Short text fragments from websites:
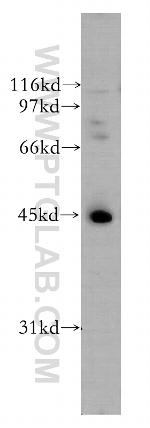 UBE2Q2 Antibody in Western Blot (WB)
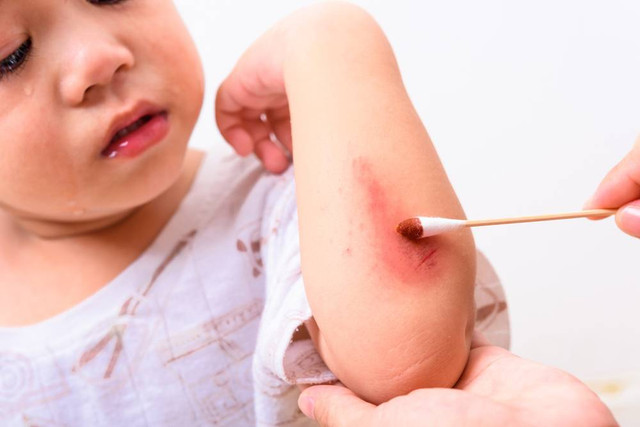 Ilustrasi menangani luka anak. Foto: Sorapop Udomsri/Shutterstock
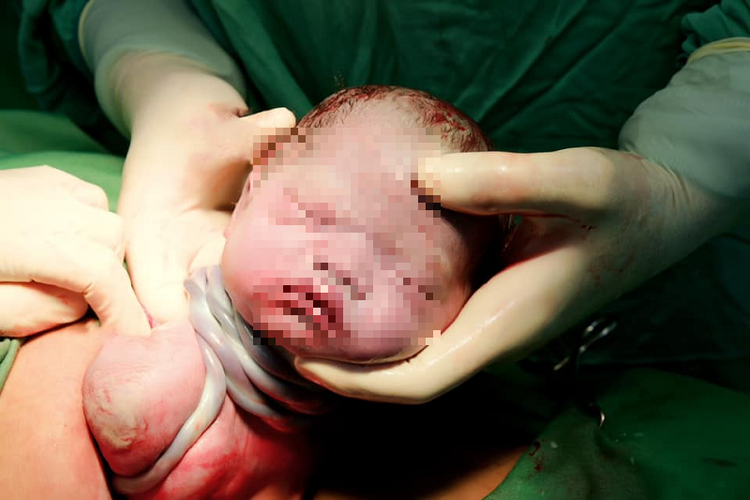 Bé gái chào đời với 9 vòng dây rốn cuốn cổ tại BV Phụ sản Hà Nội - Ảnh: BVCC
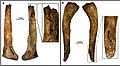 Burial 17 - Adult clavlicles with perimortem fractures that were deposited within the adult cranium.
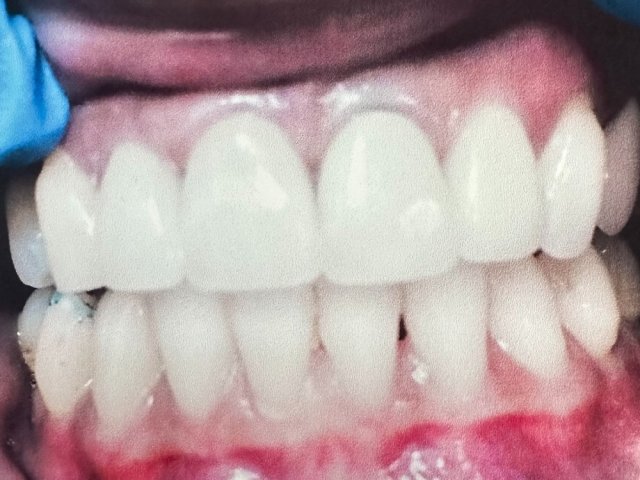 Porcelain crowns for better symmetry and harmony — After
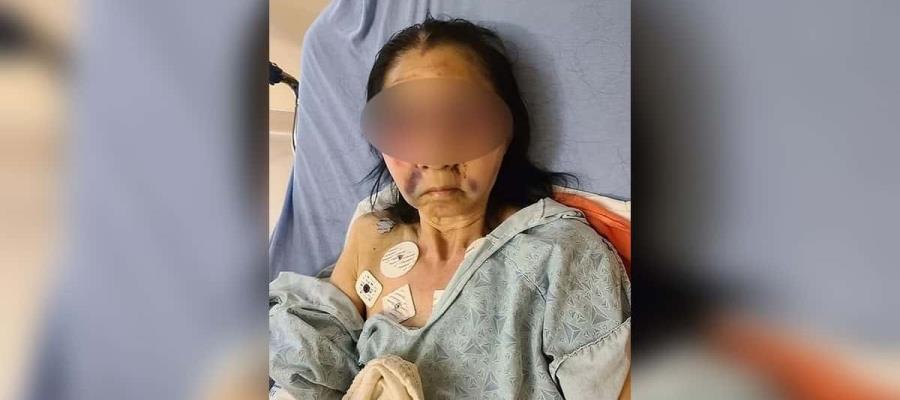 Confunden a abuelita mexicana con asiática y la golpean brutalmente en Los Ángeles Confunden a abuelita mexicana con asiática y la golpean brutalmente en Los Ángeles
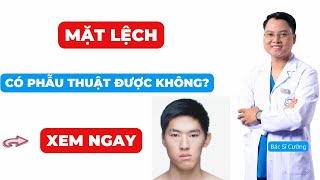 Phẫu Thuật Sửa Mặt Lệch: Lựa Chọn Để Cải Thiện Ngoại Hình | Bác sĩ Cường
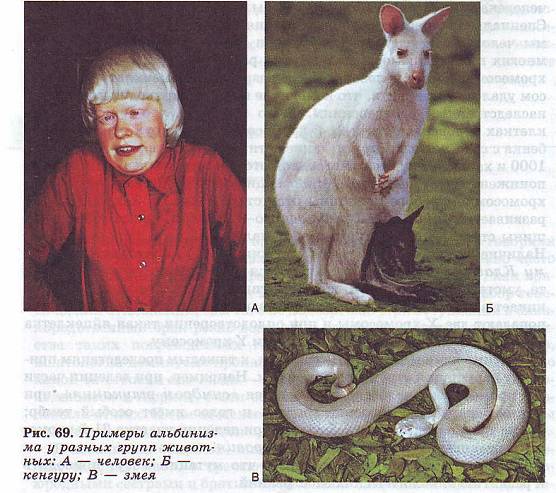 Альбинизм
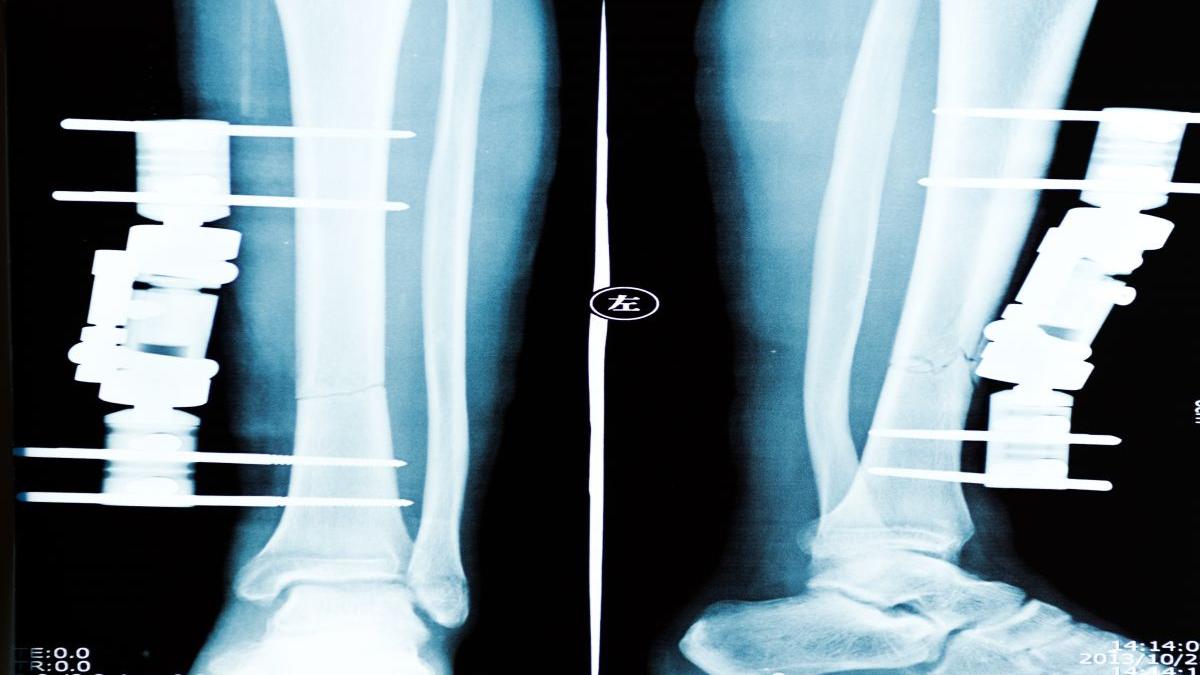 operatie estetica moda barbati chinuri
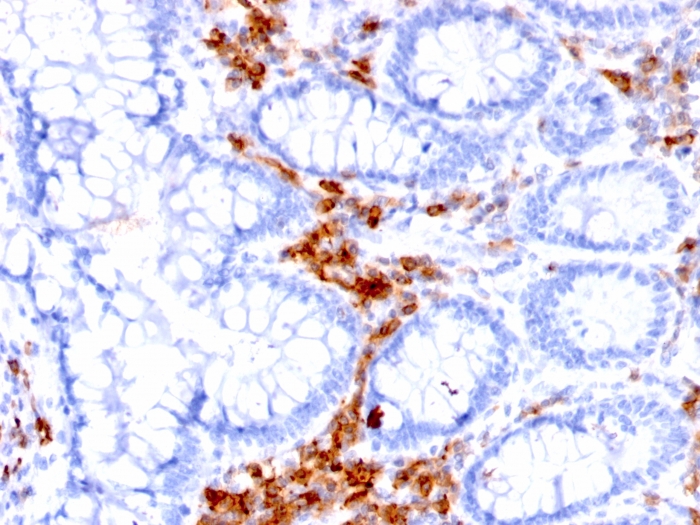 Immunohistochemistry (Formalin/PFA-fixed paraffin-embedded sections) - Anti-CD27 antibody [LPFS2/1611] - BSA and Azide free (ab268268), expandable thumbnail
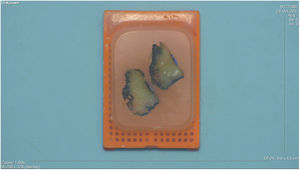 Paraffin block with 2 tissue fragments. The surface of one of them was marked with nail polish, which remained unaffected by all the processing steps and retained its original color.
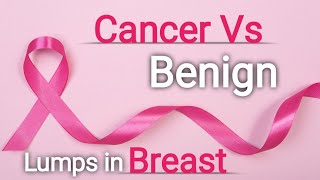 Benign Vs Malignant Breast Lesions on Ultrasound Cancer Vs Non cancerous lumps of breast Breast [upl. by Meehan]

#### [WHAT TO PRODUCE]
Pictures aside, repeat every line of the data above exactly.

#### [RESULT]
 UBE2Q2 Antibody in Western Blot (WB)
 Ilustrasi menangani luka anak. Foto: Sorapop Udomsri/Shutterstock
 Bé gái chào đời với 9 vòng dây rốn cuốn cổ tại BV Phụ sản Hà Nội - Ảnh: BVCC
 Burial 17 - Adult clavlicles with perimortem fractures that were deposited within the adult cranium.
 Porcelain crowns for better symmetry and harmony — After
 Confunden a abuelita mexicana con asiática y la golpean brutalmente en Los Ángeles Confunden a abuelita mexicana con asiática y la golpean brutalmente en Los Ángeles
 Phẫu Thuật Sửa Mặt Lệch: Lựa Chọn Để Cải Thiện Ngoại Hình | Bác sĩ Cường
 Альбинизм
 operatie estetica moda barbati chinuri
 Immunohistochemistry (Formalin/PFA-fixed paraffin-embedded sections) - Anti-CD27 antibody [LPFS2/1611] - BSA and Azide free (ab268268), expandable thumbnail
 Paraffin block with 2 tissue fragments. The surface of one of them was marked with nail polish, which remained unaffected by all the processing steps and retained its original color.
 Benign Vs Malignant Breast Lesions on Ultrasound Cancer Vs Non cancerous lumps of breast Breast [upl. by Meehan]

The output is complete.